What to produce: Within the data that follows, set down exactly the lines from the one containing "Segunda mano: Mobiliario" through the one containing "Piso céntrico y", both ends included.

Short web captions:
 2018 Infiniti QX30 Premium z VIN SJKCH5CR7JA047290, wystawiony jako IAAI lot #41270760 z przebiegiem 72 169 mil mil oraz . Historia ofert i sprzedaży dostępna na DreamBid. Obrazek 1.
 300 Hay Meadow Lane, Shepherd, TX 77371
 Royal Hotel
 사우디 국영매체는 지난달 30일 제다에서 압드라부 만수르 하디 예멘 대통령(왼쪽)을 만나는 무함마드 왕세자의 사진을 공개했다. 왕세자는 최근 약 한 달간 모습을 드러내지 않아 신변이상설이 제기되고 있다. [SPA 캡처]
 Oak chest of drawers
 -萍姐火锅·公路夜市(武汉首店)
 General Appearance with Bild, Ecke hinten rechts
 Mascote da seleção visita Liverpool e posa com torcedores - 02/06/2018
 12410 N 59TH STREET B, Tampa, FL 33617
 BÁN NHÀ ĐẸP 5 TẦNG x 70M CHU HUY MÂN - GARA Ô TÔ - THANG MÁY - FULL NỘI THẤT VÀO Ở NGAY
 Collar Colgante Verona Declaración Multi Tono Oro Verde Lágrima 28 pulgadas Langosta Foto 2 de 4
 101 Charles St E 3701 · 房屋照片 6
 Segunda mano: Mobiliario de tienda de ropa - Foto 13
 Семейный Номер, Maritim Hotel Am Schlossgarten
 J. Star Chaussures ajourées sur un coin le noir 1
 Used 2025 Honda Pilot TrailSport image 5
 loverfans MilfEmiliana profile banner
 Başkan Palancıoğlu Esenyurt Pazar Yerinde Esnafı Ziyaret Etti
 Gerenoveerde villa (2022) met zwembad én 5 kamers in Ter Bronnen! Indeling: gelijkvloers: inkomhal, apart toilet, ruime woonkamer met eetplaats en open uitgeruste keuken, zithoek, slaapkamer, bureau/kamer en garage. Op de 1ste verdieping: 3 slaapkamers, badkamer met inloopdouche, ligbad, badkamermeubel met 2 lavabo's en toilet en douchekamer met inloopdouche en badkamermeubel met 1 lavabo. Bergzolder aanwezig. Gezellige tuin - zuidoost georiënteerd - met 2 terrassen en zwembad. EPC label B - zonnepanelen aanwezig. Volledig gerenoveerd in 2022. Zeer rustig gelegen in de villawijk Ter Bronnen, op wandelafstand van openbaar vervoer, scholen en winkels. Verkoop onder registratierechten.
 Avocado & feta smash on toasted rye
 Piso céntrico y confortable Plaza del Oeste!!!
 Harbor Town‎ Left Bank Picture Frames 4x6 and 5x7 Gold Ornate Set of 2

Result for this exercise:
 Segunda mano: Mobiliario de tienda de ropa - Foto 13
 Семейный Номер, Maritim Hotel Am Schlossgarten
 J. Star Chaussures ajourées sur un coin le noir 1
 Used 2025 Honda Pilot TrailSport image 5
 loverfans MilfEmiliana profile banner
 Başkan Palancıoğlu Esenyurt Pazar Yerinde Esnafı Ziyaret Etti
 Gerenoveerde villa (2022) met zwembad én 5 kamers in Ter Bronnen! Indeling: gelijkvloers: inkomhal, apart toilet, ruime woonkamer met eetplaats en open uitgeruste keuken, zithoek, slaapkamer, bureau/kamer en garage. Op de 1ste verdieping: 3 slaapkamers, badkamer met inloopdouche, ligbad, badkamermeubel met 2 lavabo's en toilet en douchekamer met inloopdouche en badkamermeubel met 1 lavabo. Bergzolder aanwezig. Gezellige tuin - zuidoost georiënteerd - met 2 terrassen en zwembad. EPC label B - zonnepanelen aanwezig. Volledig gerenoveerd in 2022. Zeer rustig gelegen in de villawijk Ter Bronnen, op wandelafstand van openbaar vervoer, scholen en winkels. Verkoop onder registratierechten.
 Avocado & feta smash on toasted rye
 Piso céntrico y confortable Plaza del Oeste!!!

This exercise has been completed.